DCM is a disease of the muscle of the heart. Weakening of cardiac muscle means that the heart cannot pump blood throughout the body effectively. Over time the heart stretches and enlarges, straining harder to pump. DCM is most commonly diagnosed in large breed dogs like Dobermans, Boxers, Great Danes, Dalmatians, Irish Wolfhounds, and St. Bernards. English Bulldogs and Cocker Spaniels are also known for DCM.
Although most forms of heart disease are degenerative, and usually lead to eventual heart failure, early detection and treatment can help your dog to lead a relatively normal life. See your veterinarian regularly – at least once a year for younger pets, and every 6 months for seniors. Report any possible symptoms like coughing, foul breath, changes in respiration, exercise intolerance, changes in sleep habits, changes in appetite or weight, and anything else you have observed that may be concerning you.

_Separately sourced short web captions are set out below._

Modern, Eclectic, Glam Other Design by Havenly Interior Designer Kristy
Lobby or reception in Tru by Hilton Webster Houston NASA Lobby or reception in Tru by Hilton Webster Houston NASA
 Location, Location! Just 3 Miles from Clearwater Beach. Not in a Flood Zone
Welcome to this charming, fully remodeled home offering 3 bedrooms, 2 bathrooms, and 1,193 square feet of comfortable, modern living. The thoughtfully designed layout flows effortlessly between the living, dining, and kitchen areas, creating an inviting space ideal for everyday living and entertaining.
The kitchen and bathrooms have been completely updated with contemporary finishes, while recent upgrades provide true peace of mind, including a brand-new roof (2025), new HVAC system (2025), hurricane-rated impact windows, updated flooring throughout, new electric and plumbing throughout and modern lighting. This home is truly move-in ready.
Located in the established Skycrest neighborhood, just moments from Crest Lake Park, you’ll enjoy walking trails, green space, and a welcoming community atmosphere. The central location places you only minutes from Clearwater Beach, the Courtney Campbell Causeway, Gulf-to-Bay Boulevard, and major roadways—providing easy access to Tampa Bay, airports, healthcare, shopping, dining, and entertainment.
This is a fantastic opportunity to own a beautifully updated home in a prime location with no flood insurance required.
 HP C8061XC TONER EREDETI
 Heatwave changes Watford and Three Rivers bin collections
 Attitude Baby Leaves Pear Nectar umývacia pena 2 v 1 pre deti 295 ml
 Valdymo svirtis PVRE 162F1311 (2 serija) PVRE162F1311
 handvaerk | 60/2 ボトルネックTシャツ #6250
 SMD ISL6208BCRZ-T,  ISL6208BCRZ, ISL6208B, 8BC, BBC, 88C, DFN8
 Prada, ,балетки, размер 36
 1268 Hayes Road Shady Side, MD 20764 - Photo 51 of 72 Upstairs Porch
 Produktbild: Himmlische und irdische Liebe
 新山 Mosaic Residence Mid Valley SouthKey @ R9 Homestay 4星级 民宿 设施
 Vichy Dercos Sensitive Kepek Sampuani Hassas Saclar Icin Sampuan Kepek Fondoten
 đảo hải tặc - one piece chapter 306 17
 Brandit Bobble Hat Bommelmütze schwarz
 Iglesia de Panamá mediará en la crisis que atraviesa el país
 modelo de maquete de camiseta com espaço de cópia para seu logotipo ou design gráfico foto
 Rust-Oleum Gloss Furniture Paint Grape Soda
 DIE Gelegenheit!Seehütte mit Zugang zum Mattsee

During the physical exam your vet will assess your dog’s weight and body condition, breathing rate, heart rates, pulse rates, and abdominal shape (a round, swollen belly can indicate fluid backup). In addition to assessing the heart with a stethoscope, the vet may also recommend X-rays to evaluate the size, shape and appearance of the heart and its valves, as well as specific blood tests.
Treatments for dogs with heart disease vary on a case by case basis. Research in the field of veterinary cardiology has led to medications specifically designed for dogs, and many human cardiac drugs are also utilized. Once your veterinarian has found the right combination of medications, diet and lifestyle choices to stabilize your dog’s condition, you can enjoy less frequent visits and simply monitor your pup for symptoms.
Although some dogs have genetic predispositions for DCM and valve disease, feeding a healthy diet and making sure your dog stays active can help keep the heart healthier longer. If your dog is showing symptoms or has already been diagnosed with heart disease, consult your veterinarian before making changes to his diet or exercise routine.